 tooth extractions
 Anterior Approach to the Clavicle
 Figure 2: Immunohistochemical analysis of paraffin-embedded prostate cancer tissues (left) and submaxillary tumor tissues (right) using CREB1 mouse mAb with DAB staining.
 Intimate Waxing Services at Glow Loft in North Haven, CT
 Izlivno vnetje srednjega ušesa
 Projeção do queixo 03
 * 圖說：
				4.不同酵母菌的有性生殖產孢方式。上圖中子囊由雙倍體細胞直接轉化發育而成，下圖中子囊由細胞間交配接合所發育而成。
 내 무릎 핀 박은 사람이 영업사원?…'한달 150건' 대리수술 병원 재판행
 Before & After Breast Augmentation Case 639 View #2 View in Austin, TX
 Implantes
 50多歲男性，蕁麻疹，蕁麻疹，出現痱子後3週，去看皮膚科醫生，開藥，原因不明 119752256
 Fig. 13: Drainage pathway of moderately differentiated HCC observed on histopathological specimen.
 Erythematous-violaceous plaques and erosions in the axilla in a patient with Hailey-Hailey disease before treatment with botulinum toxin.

WHAT NEEDS TO BE DONE: Write the listing out again, exactly as shown above.

EXERCISE OUTPUT:
 tooth extractions
 Anterior Approach to the Clavicle
 Figure 2: Immunohistochemical analysis of paraffin-embedded prostate cancer tissues (left) and submaxillary tumor tissues (right) using CREB1 mouse mAb with DAB staining.
 Intimate Waxing Services at Glow Loft in North Haven, CT
 Izlivno vnetje srednjega ušesa
 Projeção do queixo 03
 * 圖說：
				4.不同酵母菌的有性生殖產孢方式。上圖中子囊由雙倍體細胞直接轉化發育而成，下圖中子囊由細胞間交配接合所發育而成。
 내 무릎 핀 박은 사람이 영업사원?…'한달 150건' 대리수술 병원 재판행
 Before & After Breast Augmentation Case 639 View #2 View in Austin, TX
 Implantes
 50多歲男性，蕁麻疹，蕁麻疹，出現痱子後3週，去看皮膚科醫生，開藥，原因不明 119752256
 Fig. 13: Drainage pathway of moderately differentiated HCC observed on histopathological specimen.
 Erythematous-violaceous plaques and erosions in the axilla in a patient with Hailey-Hailey disease before treatment with botulinum toxin.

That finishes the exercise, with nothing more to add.